* [What is expected] In the records below, find the line that holds "Phim HBO, Star". Restate it and every later line exactly, stopping at the end and skipping pictures.

* [Data to use]

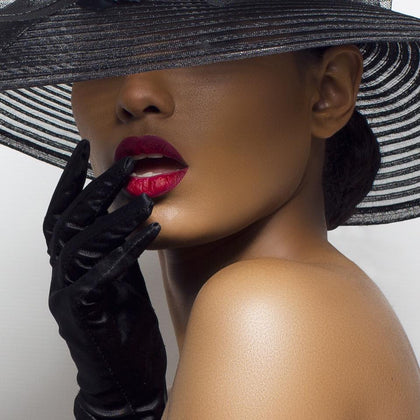 Guanti in pelle Gala Gloves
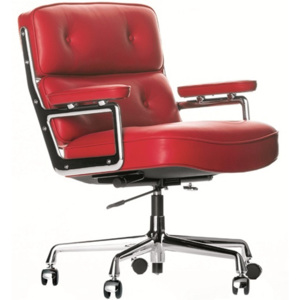 VITRA kancelářské židle Aluminium Group Es 104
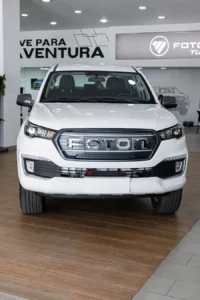 TUNLAND G7 ELETRICA 4X2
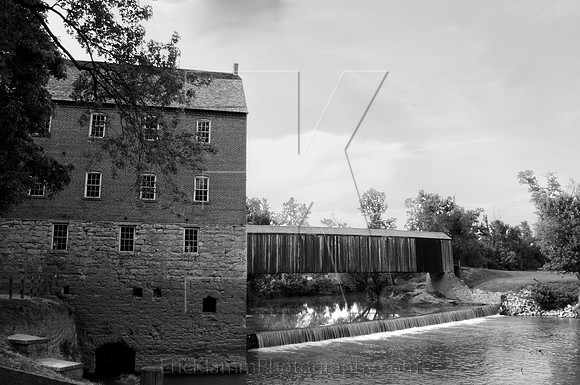 Bollinger Mill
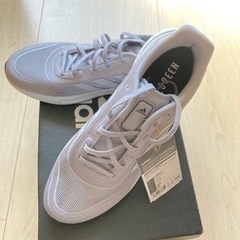 東陽町　新品　27.5cm アディダス supernova m 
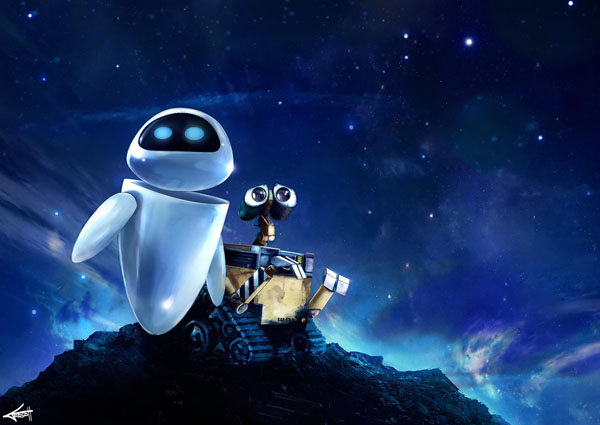 Phim HBO, Star Movies ngày 13/8: Robot biết yêu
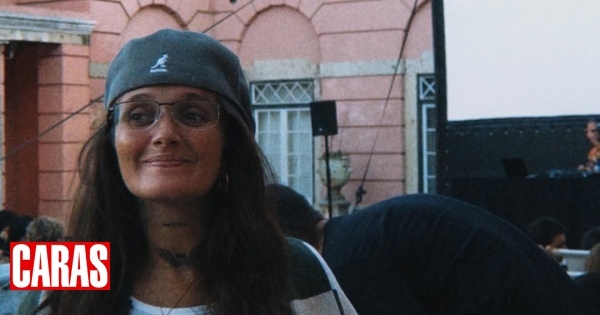 Grávida do quarto filho, Carolina Deslandes revela sexo e nome do bebé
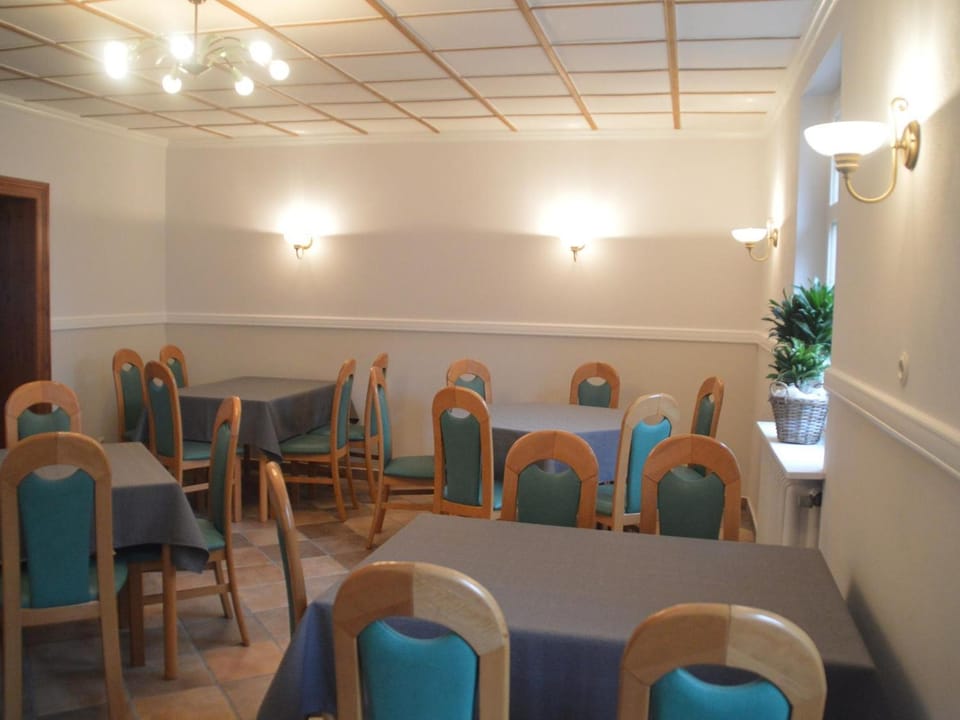 Hotel Zum Weserdampfschiff Hotel in Hesse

* [Answer to the problem]
 Phim HBO, Star Movies ngày 13/8: Robot biết yêu
 Grávida do quarto filho, Carolina Deslandes revela sexo e nome do bebé
 Hotel Zum Weserdampfschiff Hotel in Hesse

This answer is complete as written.